#### WHAT YOU ARE ASKED TO DO:
Report every line in the records below that holds the word "Remove".

#### DATA SECTION

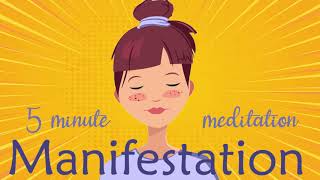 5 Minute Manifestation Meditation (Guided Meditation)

########
#### DATA SECTION

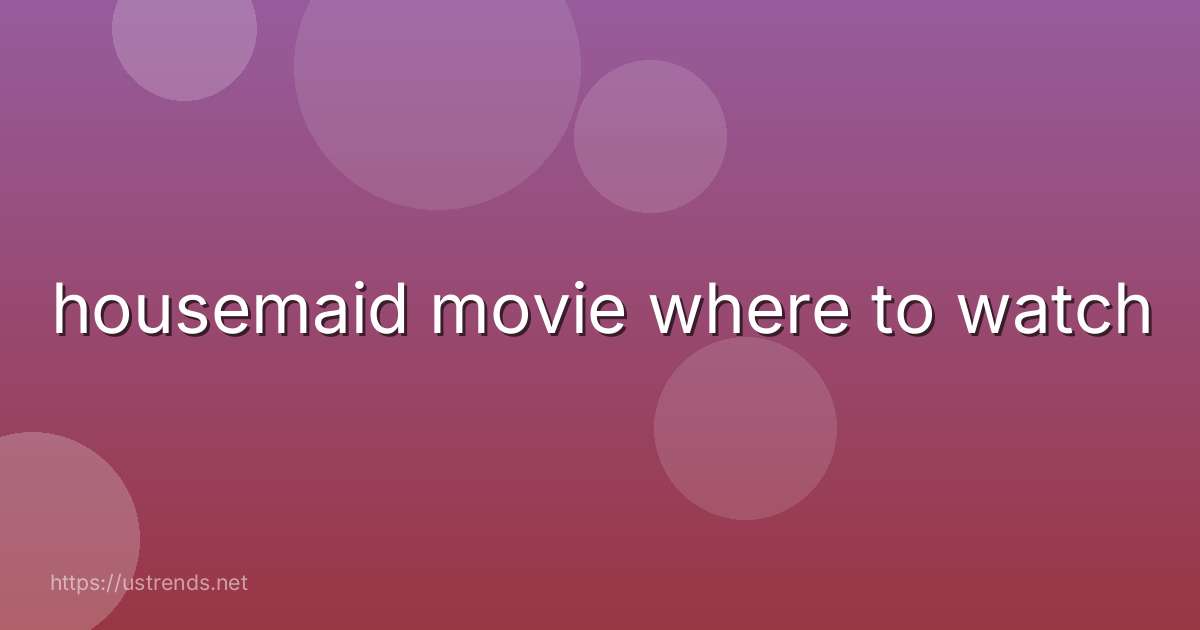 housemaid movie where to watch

########
#### DATA SECTION

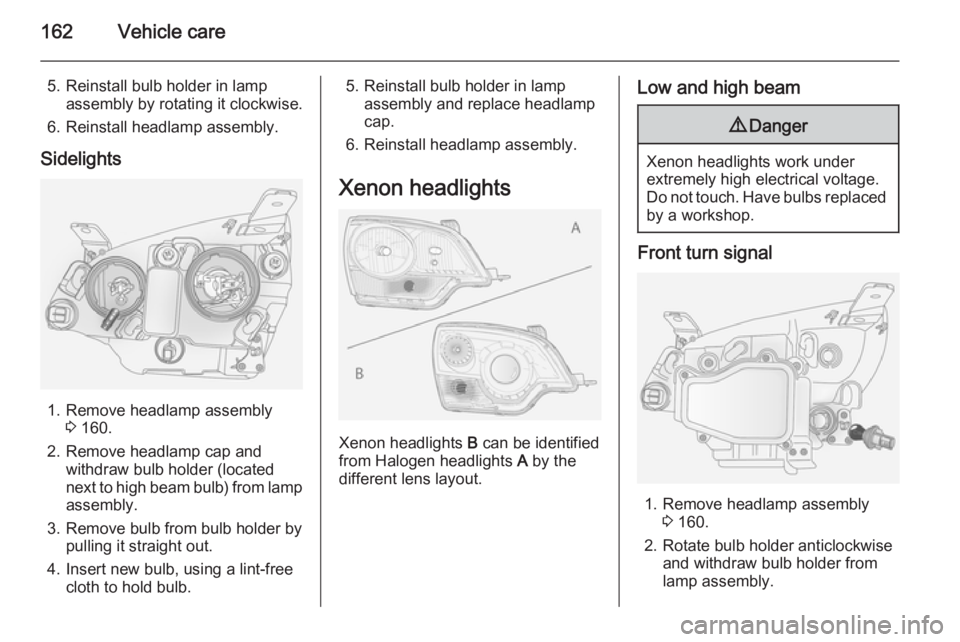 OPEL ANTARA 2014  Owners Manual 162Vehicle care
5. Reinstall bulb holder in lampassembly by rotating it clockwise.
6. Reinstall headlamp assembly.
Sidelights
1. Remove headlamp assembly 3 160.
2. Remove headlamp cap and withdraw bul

########

#### TASK RESPONSE:
1. Remove headlamp assembly 3 160.
2. Remove headlamp cap and withdraw bul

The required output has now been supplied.